College of Electronics and Information Engineering, Sichuan University, 610065, P.R. China.
Magn Reson Imaging. 2012 May;30(4):485-95. doi: 10.1016/j.mri.2011.12.017. Epub 2012 Jan 27.
Structural connectivity between cortical regions of the human brain can be characterized noninvasively with diffusion tensor imaging (DTI)-based fiber tractography. In this paper, a novel fiber tractography technique, globally optimized fiber tracking and hierarchical fiber clustering, is presented. The proposed technique uses k-means clustering in conjunction with modified Hubert statistic to partition fiber pathways, which are evaluated with simultaneous consideration of consistency with underlying DTI data and smoothness of fiber courses in the sense of global optimality, into individual anatomically coherent fiber bundles. In each resulting bundle, fibers are sampled, perturbed and clustered iteratively to approach the optimal solution. The global optimality allows the proposed technique to resist local image artifacts and to possess inherent capabilities of handling complex fiber structures and tracking fibers between gray matter regions. The embedded hierarchical clustering allows multiple fiber bundles between a pair of seed regions to be naturally reconstructed and partitioned. The integration of globally optimized tracking and hierarchical clustering greatly benefits applications of DTI-based fiber tractography to clinical studies, particularly to studies of structure-function relations of the complex neural network of the human. Experiments with synthetic and in vivo human DTI data have demonstrated the effectiveness of the proposed technique in tracking complex fiber structures, thus proving its significant advantages over traditionally used streamline fiber tractography.
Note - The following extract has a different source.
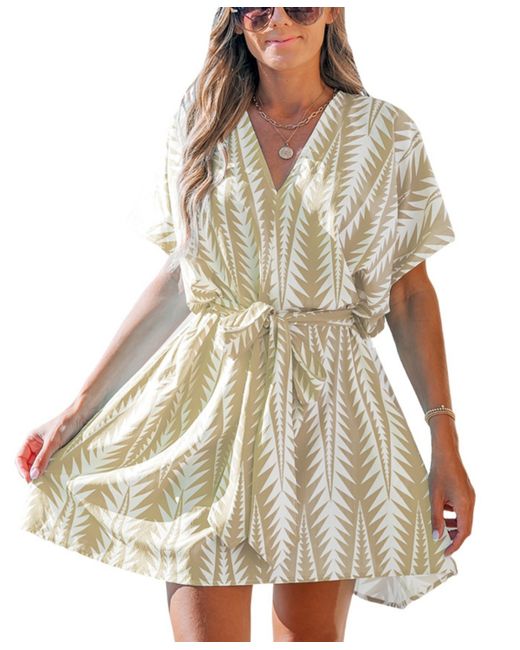 Cupshe Sash Belted Geo Print Mini Beach Dress khaki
利用基于扩散张量成像(DTI)的纤维束示踪技术,可以对人脑皮质区域之间的结构连接进行非侵入性的描述。在本文中,我们提出了一种新颖的纤维束示踪技术,即全局优化纤维跟踪和层次纤维聚类。该技术使用 k-均值聚类结合修改后的 Hubert 统计量来划分纤维通路,然后同时考虑与基础 DTI 数据的一致性以及纤维路径在全局最优意义上的平滑性,将这些纤维通路划分成单独的解剖学上连贯的纤维束。在每个生成的束中,通过迭代抽样、扰动和聚类来逼近最优解。全局最优性使得该技术能够抵抗局部图像伪影,并具有处理复杂纤维结构和在灰质区域之间跟踪纤维的固有能力。嵌入式层次聚类允许自然地重建和划分一对种子区域之间的多个纤维束。全局优化跟踪和层次聚类的集成极大地促进了基于 DTI 的纤维束示踪技术在临床研究中的应用,特别是在研究人类复杂神经网络的结构-功能关系方面。对合成和体内人类 DTI 数据的实验表明,该技术在跟踪复杂纤维结构方面非常有效,因此证明了它相对于传统使用的流线纤维束示踪技术具有显著的优势。